WHAT YOU SHOULD DO
The lines to copy run from the one containing "Secret Marrakech Hammam & Balneo * Niort" to the last line of the entries; output those lines exactly and only them, without pictures.

Excerpts from a dataset
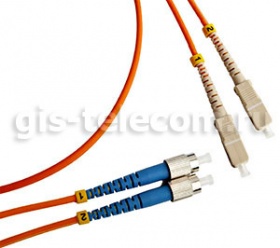 �������� duplex FC-SC, MM, 3�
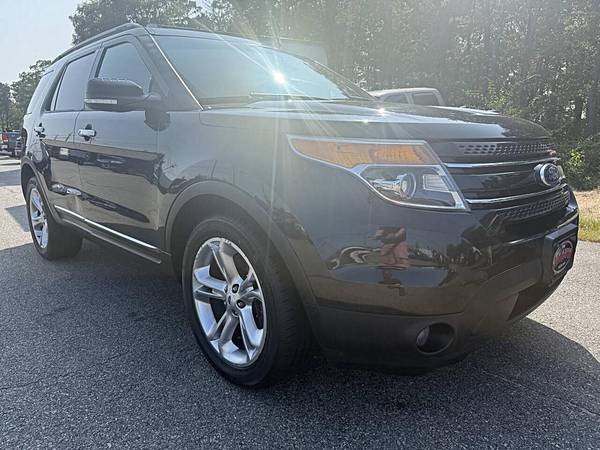 2014 Ford Explorer Limited AWD 4dr SUV - $9995.0063438449912961121
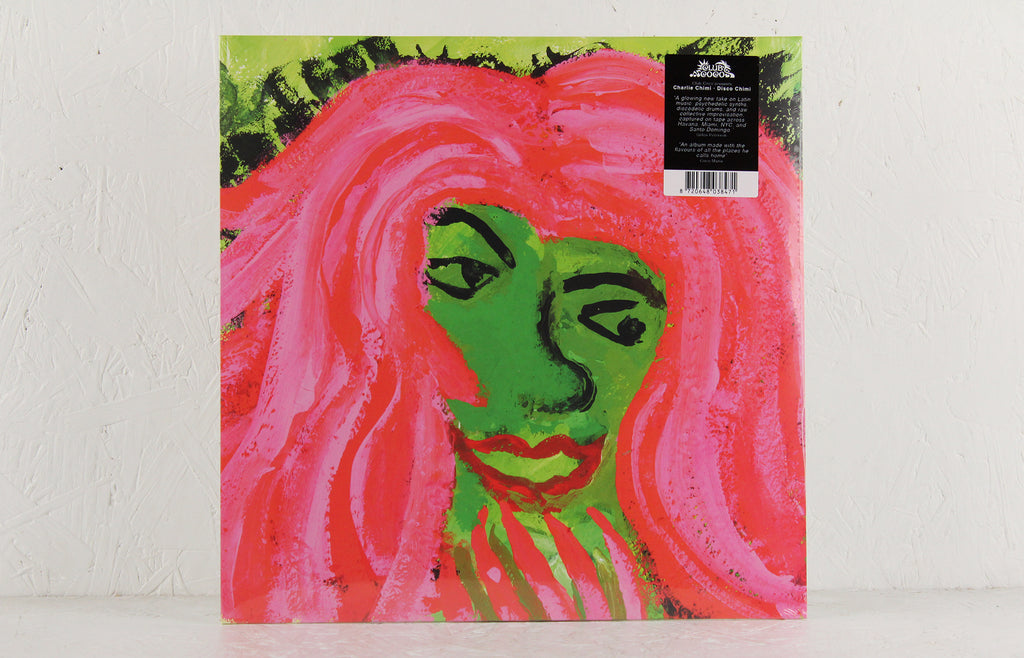 Disco Chimi – Vinyl LP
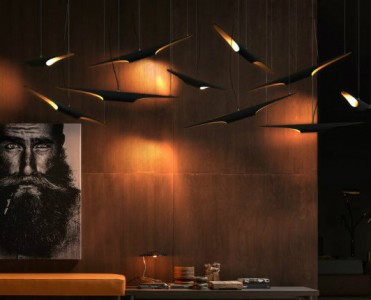 Contemporary Suspension Lamps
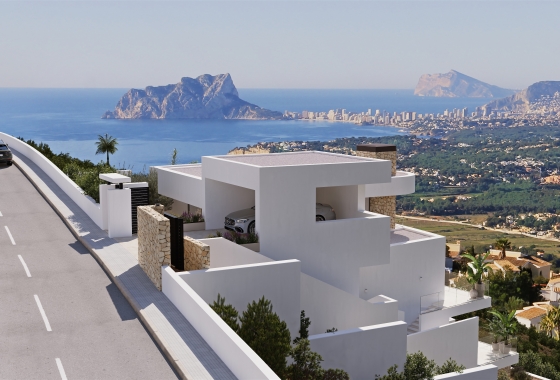 New Build - Villa - Cumbre del Sol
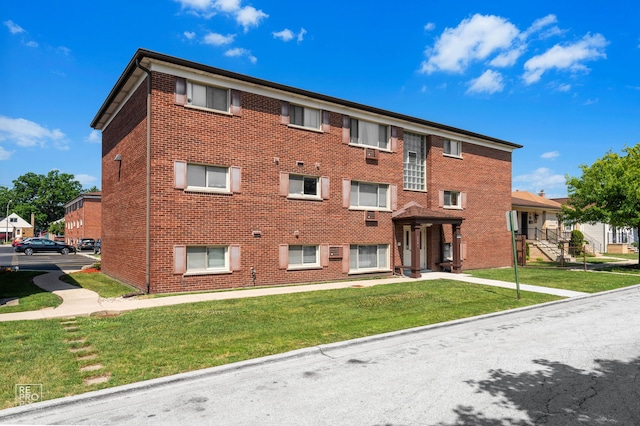2541 Thatcher Ave Unit 2D, River Grove, IL 60171 - view of property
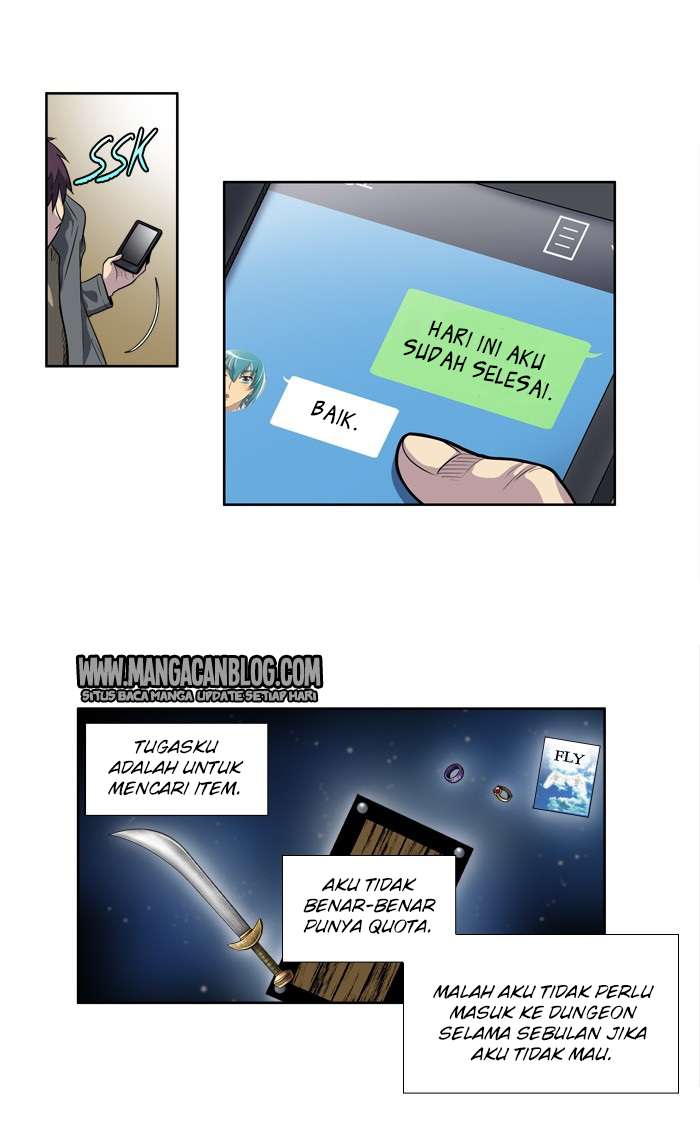 The Gamer Chapter 166 - halaman 20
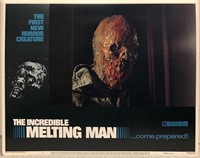 The Incredible Melting Man  1977  lobby card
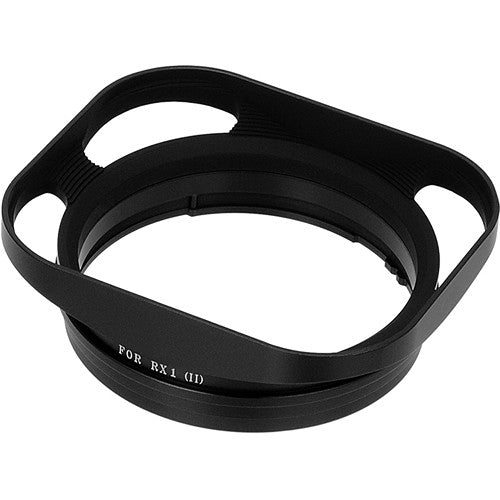 FotodioX Pro Bayonet Lens Hood for Sony Cyber-shot DSC-RX1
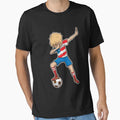 Soccer Usa T-Shirt - Casual Everyday Wear for Adults - T-Shirt, Sweatshirt, Hoodie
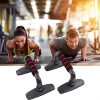 Huttoly Push Up Bars, Push Up Handles for Floor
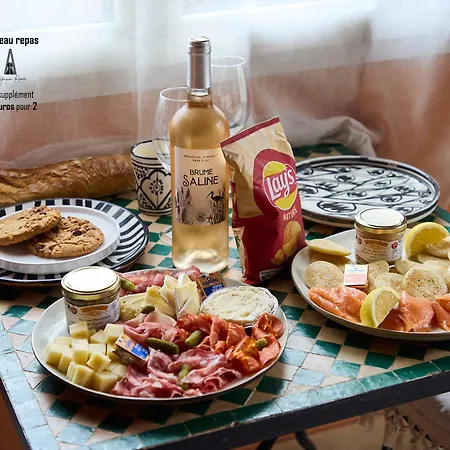 Secret Marrakech Hammam & Balneo * Niort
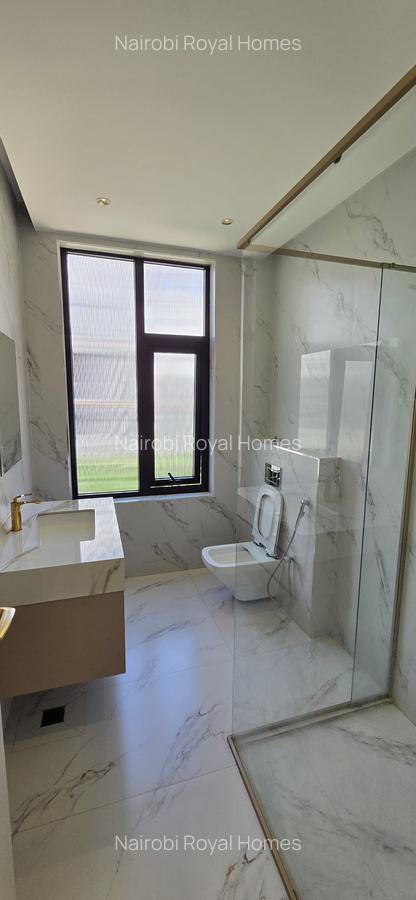 5 Bed Townhouse with En Suite at Isaac Gathanju Close - 18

ANSWER BOX
 Secret Marrakech Hammam & Balneo * Niort
 5 Bed Townhouse with En Suite at Isaac Gathanju Close - 18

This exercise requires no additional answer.